Work order: What are the lines below, starting at the line containing "B1C - Two Bedroom / One Bath / 1005 Sq. Ft.*" and ending at the line containing "2D Coffee Cup"? Write them out exactly, ends included, without pictures.

Source information:
========================
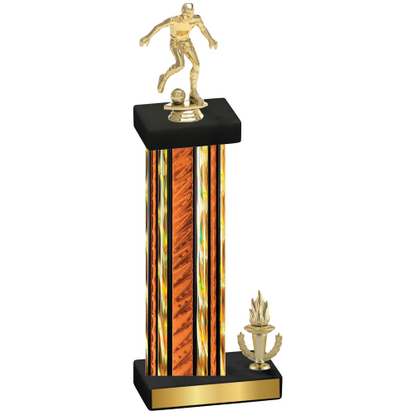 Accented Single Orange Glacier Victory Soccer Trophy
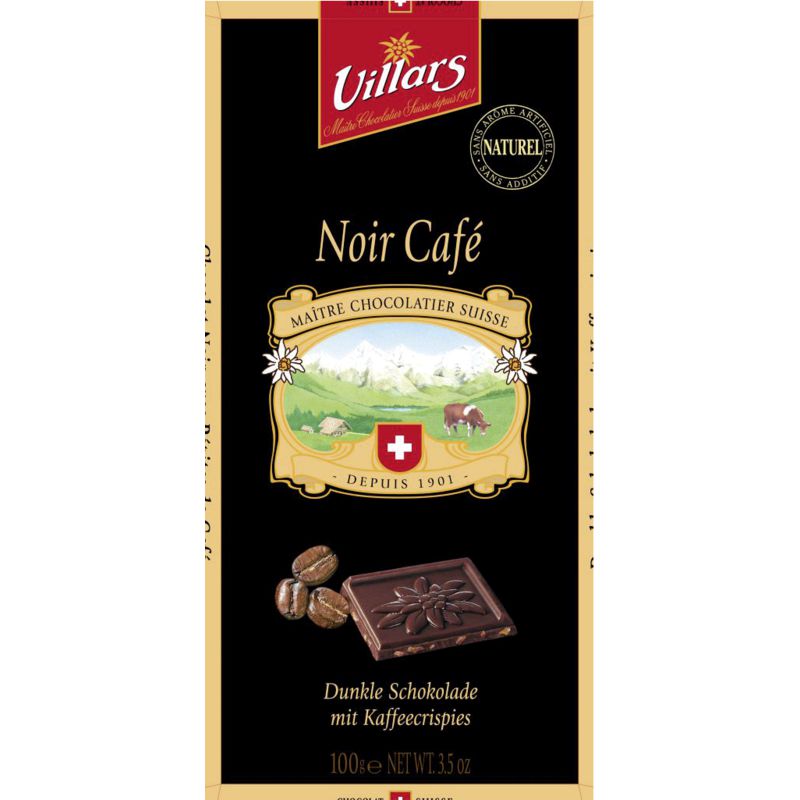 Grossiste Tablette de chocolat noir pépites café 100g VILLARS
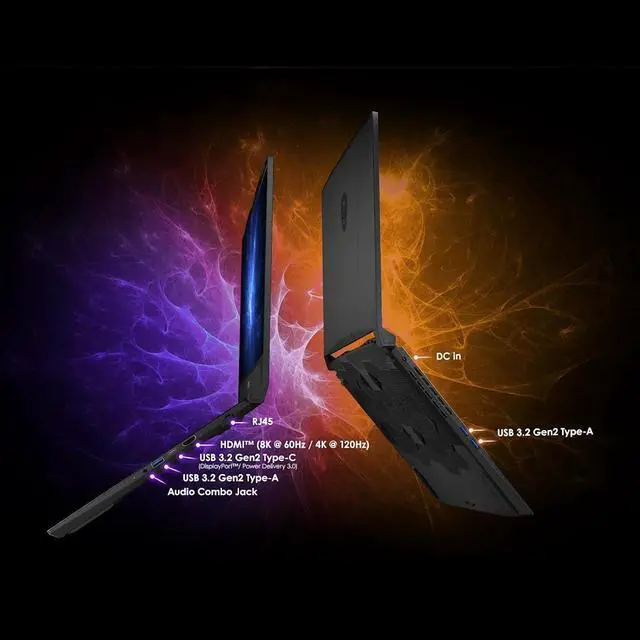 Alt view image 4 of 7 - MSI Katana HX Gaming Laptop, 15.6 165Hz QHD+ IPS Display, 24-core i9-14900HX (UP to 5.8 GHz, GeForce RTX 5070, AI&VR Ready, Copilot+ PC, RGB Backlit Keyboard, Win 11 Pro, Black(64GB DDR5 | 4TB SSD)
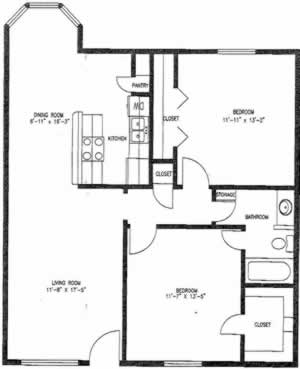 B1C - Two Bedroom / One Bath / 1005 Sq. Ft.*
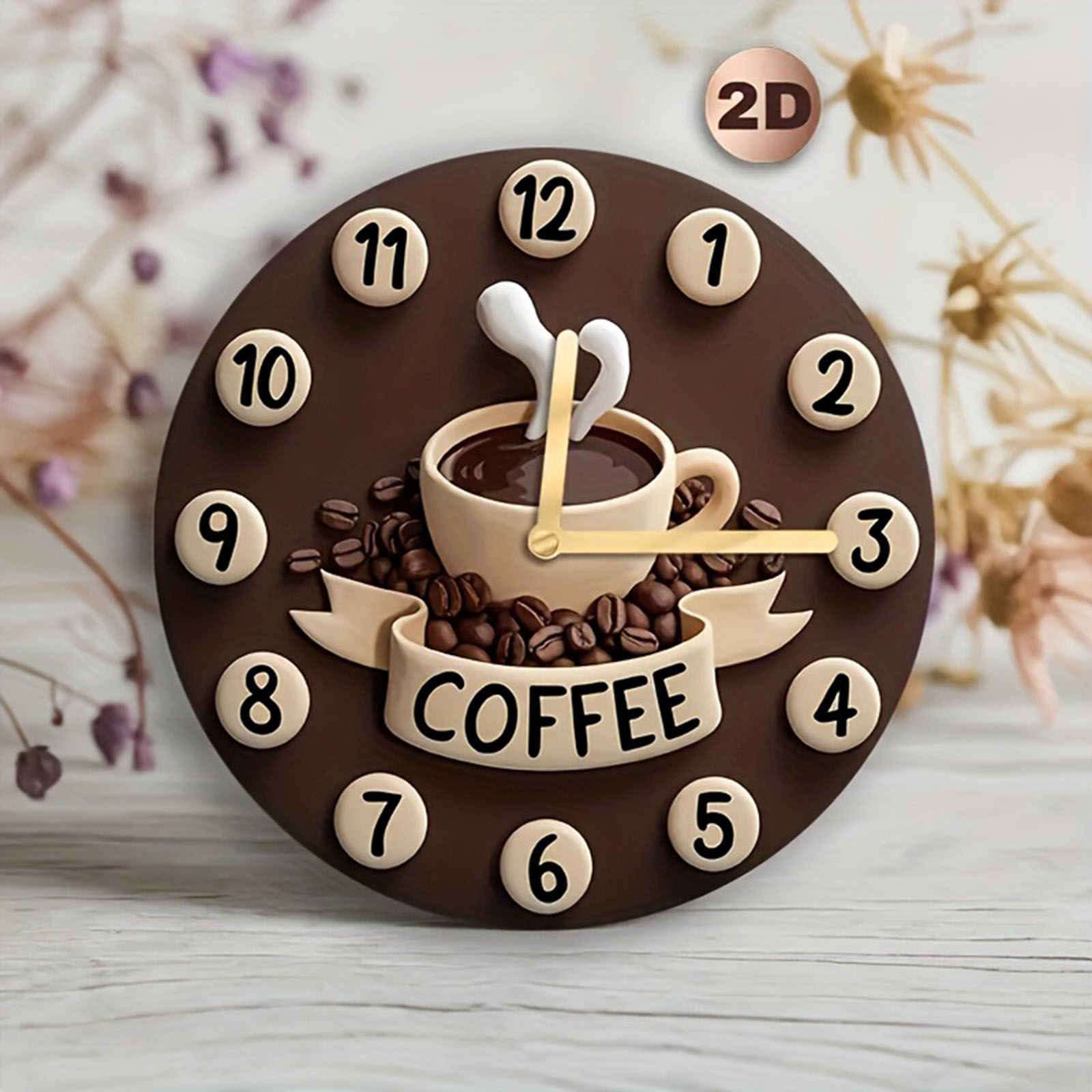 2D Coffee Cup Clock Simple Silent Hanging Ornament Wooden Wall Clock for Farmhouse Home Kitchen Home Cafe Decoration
========================
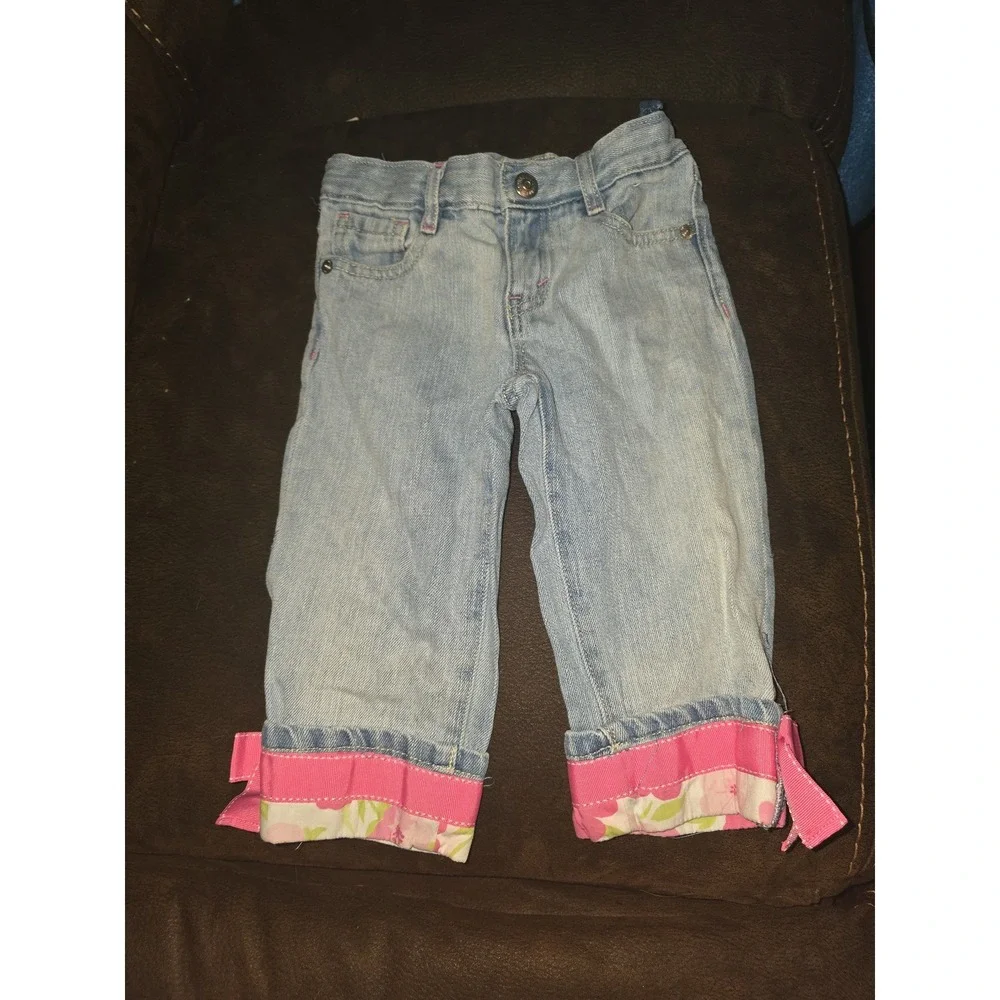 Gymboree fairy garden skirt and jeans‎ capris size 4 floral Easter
========================
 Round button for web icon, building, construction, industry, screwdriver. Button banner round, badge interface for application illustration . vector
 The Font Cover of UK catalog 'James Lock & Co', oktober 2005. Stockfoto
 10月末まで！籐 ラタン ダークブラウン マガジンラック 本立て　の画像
========================
Result for this exercise:
 B1C - Two Bedroom / One Bath / 1005 Sq. Ft.*
 2D Coffee Cup Clock Simple Silent Hanging Ornament Wooden Wall Clock for Farmhouse Home Kitchen Home Cafe Decoration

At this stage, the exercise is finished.